▸ **INFORMATION**:
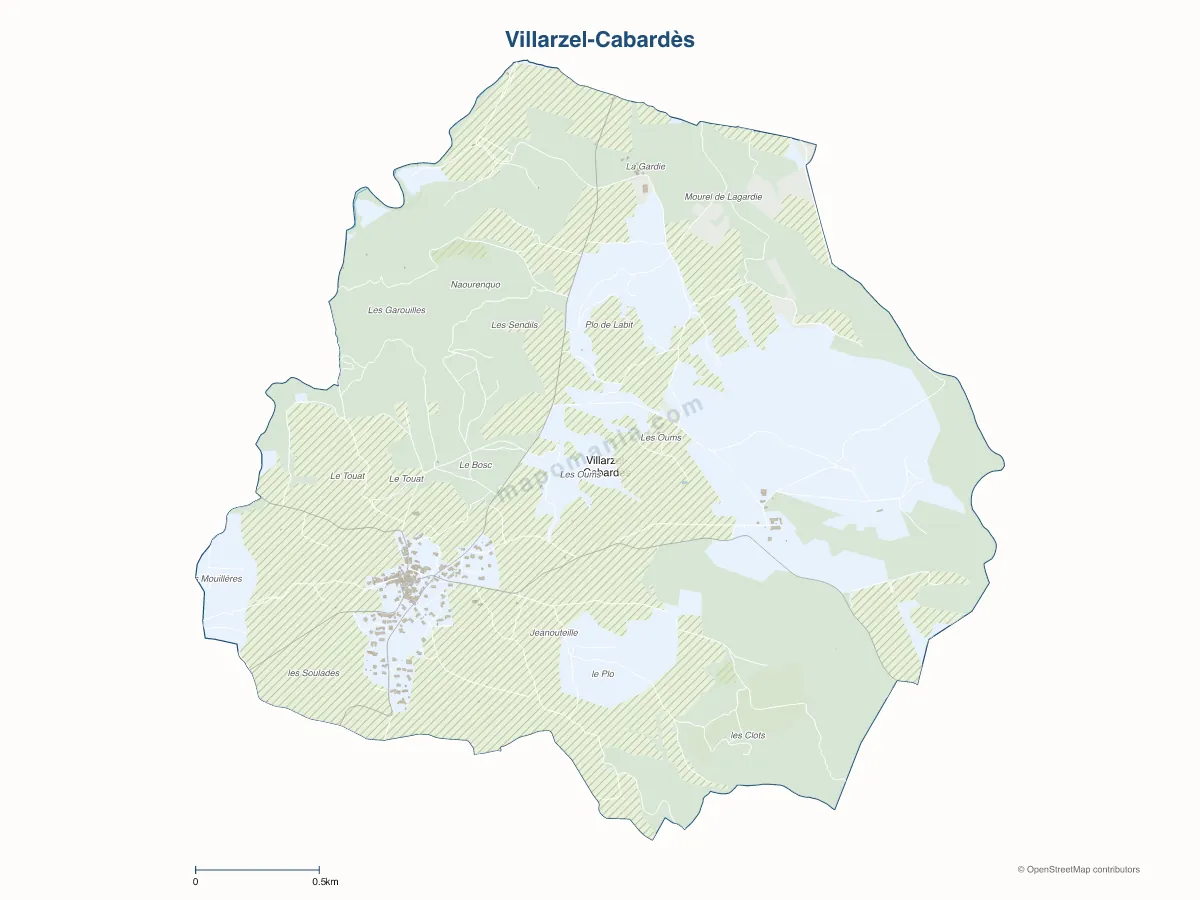 Carte de Villarzel-Cabardès à personnaliser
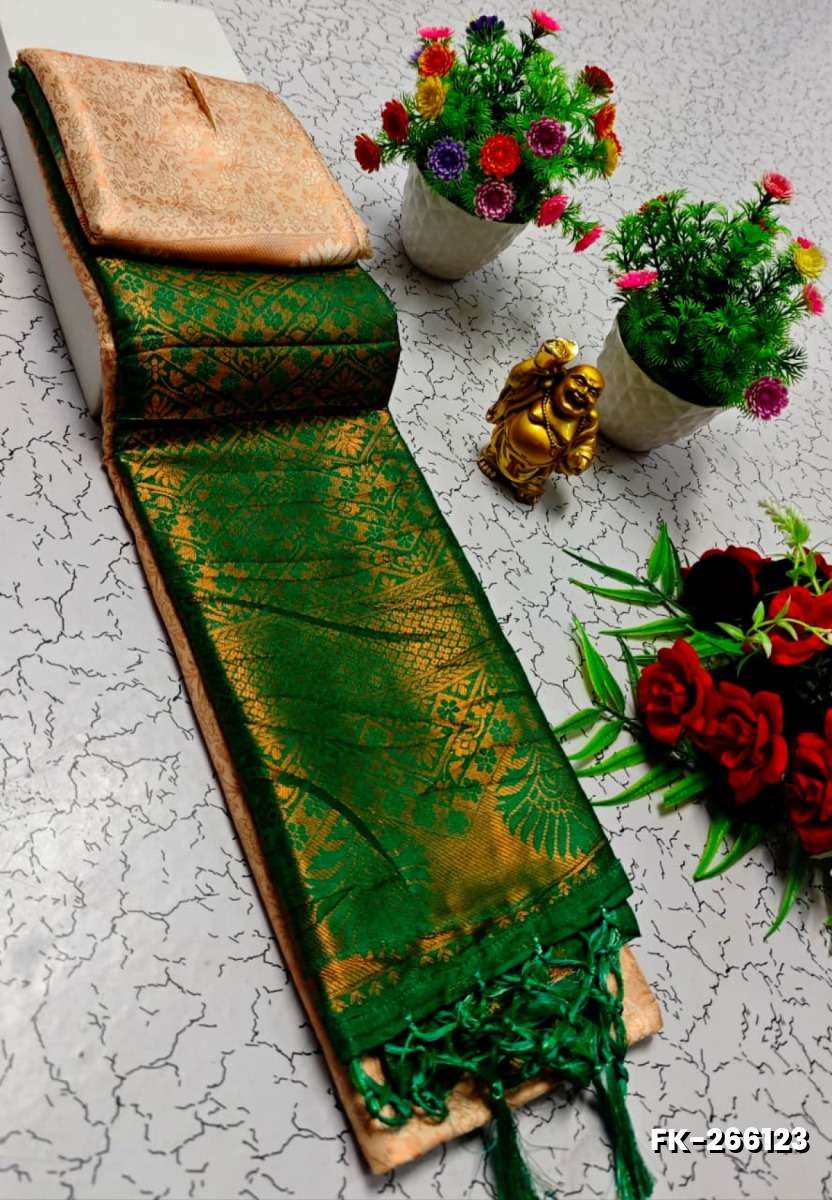 Premium Fancy kubera Softy Saree Rapier Fancy  Light Weight Silk Saree - LIGHT SANDLE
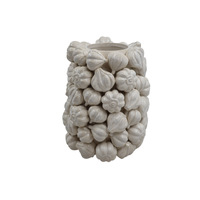 Vase en céramique fait main en forme d'ail pour la décoration intérieure et la conception d'hôtels, vase en céramique sur mesure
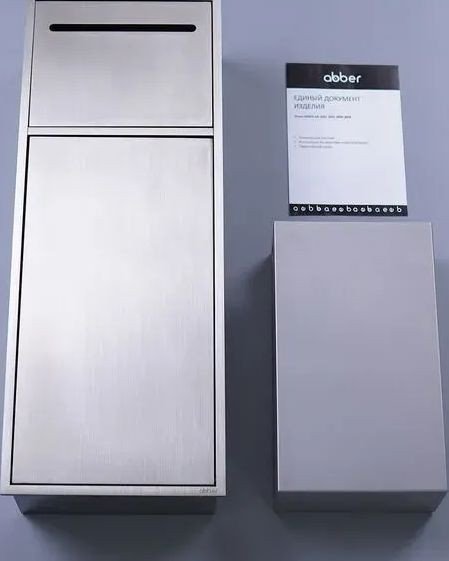Abber Полка для ванной Nischen AN3008BST (сталь брашированная)
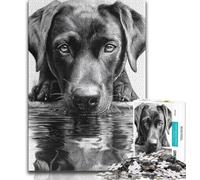 Jigsaws Puzzles 1000 Pieces for Teenagers Gifts Black Panther Labrador,Educational Family Game Suitable for Desktop Decoration 75x50cm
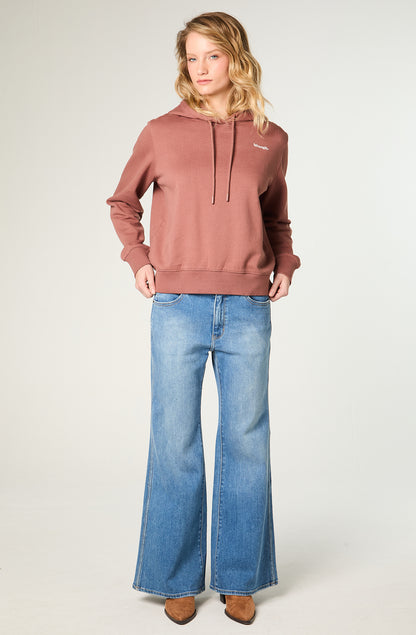 Jeans Mujer Flare 70 Tiro Alto Azul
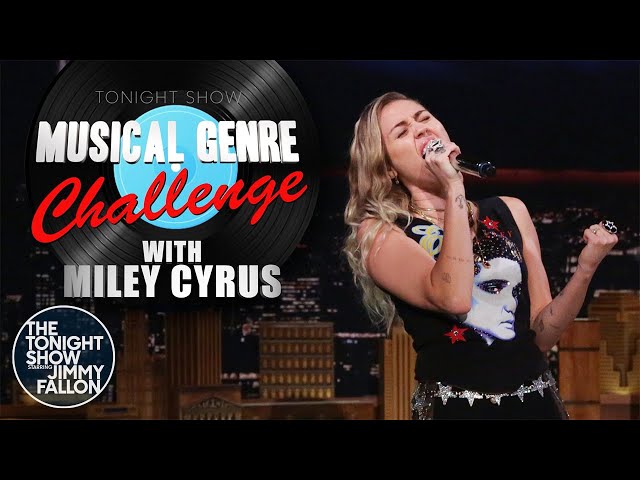 Musical Genre Challenge with Miley Cyrus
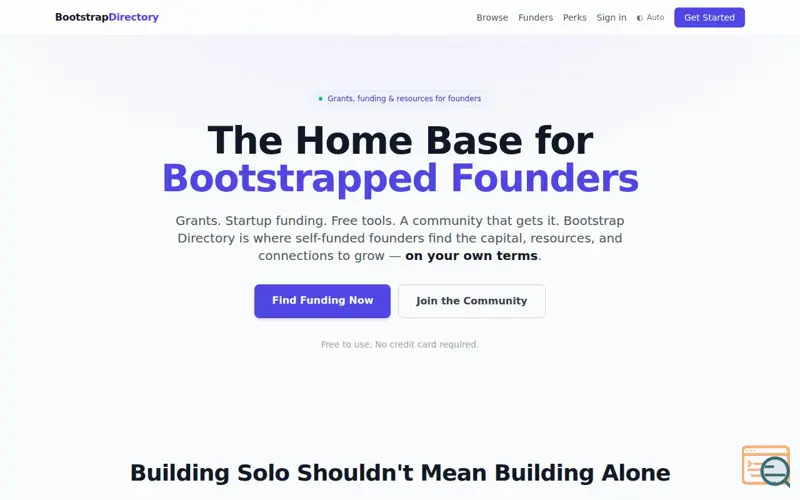 Screenshot of Bootstrap Directory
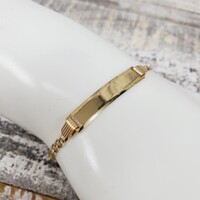 6" 14K Diamond Cut Figaro Link ID Bracelet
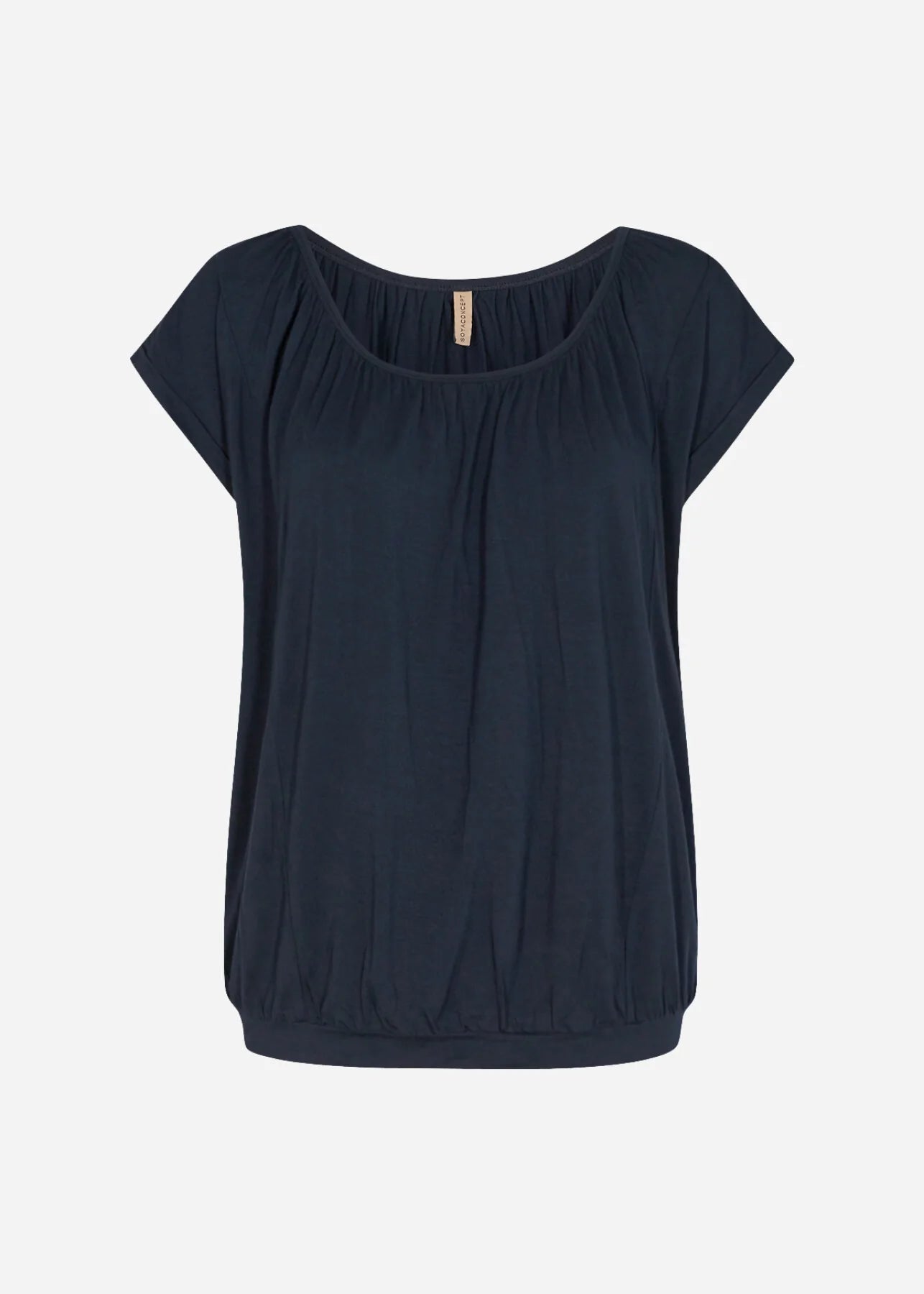 Soya Concept – MARICA 4, Cap Sleeve Tee (Navy) - Gayle's Fashions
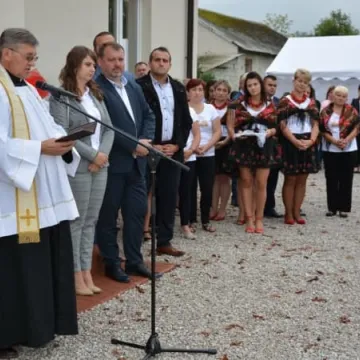 Dożynki w Niedośpielinie w gminie Wielgomłyny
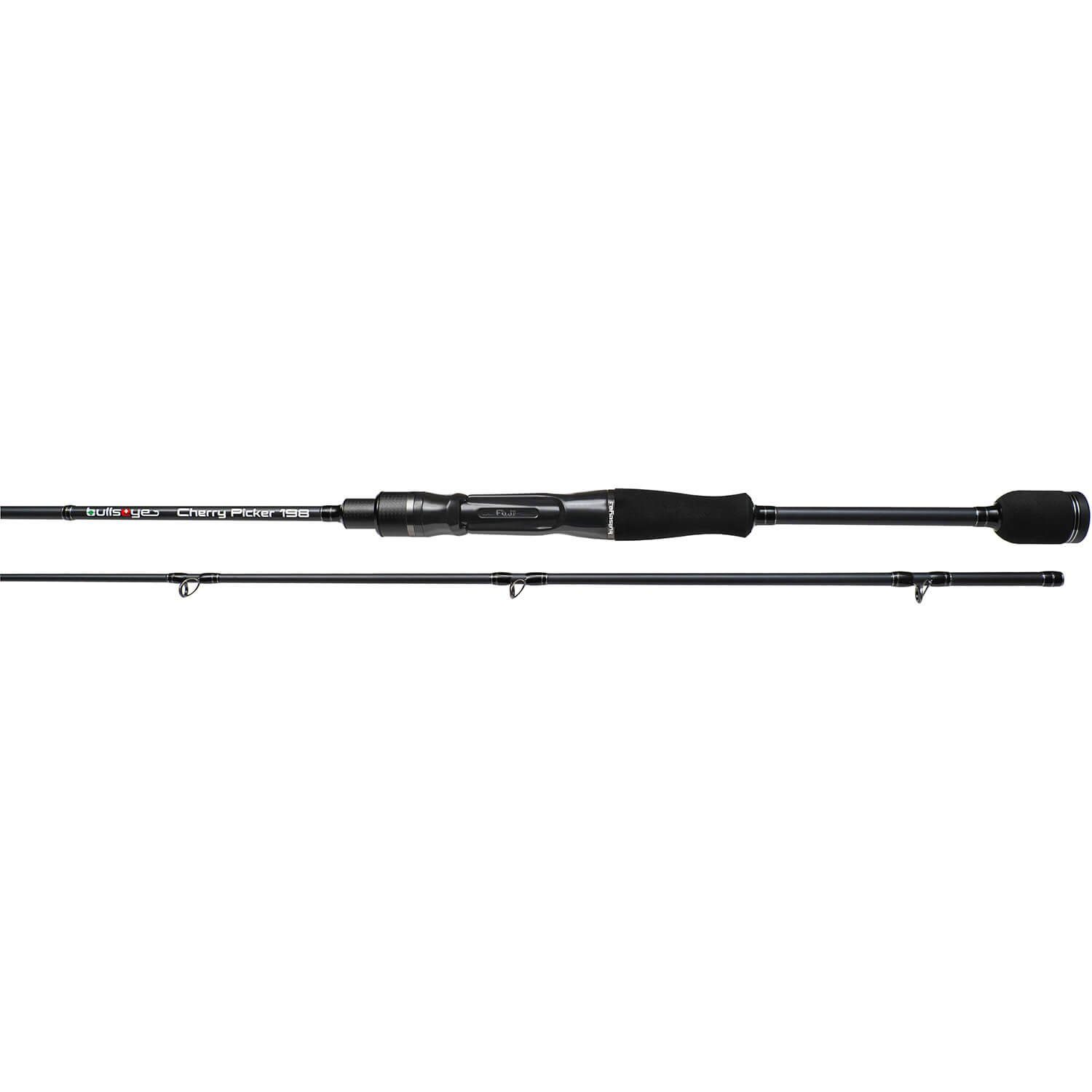 Bullseye Fishing Spinnrute Bullseye Cherry Picker Angelrute, (2-tlg)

▸ **TASK DESCRIPTION**: Begin at the line containing "Vase en céramique fait" and restate exactly every line through the end of the material, skipping the pictures.

▸ **OUTPUT OF THE TASK**:
 Vase en céramique fait main en forme d'ail pour la décoration intérieure et la conception d'hôtels, vase en céramique sur mesure
Abber Полка для ванной Nischen AN3008BST (сталь брашированная)
 Jigsaws Puzzles 1000 Pieces for Teenagers Gifts Black Panther Labrador,Educational Family Game Suitable for Desktop Decoration 75x50cm
 Jeans Mujer Flare 70 Tiro Alto Azul
 Musical Genre Challenge with Miley Cyrus
 Screenshot of Bootstrap Directory
 6" 14K Diamond Cut Figaro Link ID Bracelet
 Soya Concept – MARICA 4, Cap Sleeve Tee (Navy) - Gayle's Fashions
 Dożynki w Niedośpielinie w gminie Wielgomłyny
 Bullseye Fishing Spinnrute Bullseye Cherry Picker Angelrute, (2-tlg)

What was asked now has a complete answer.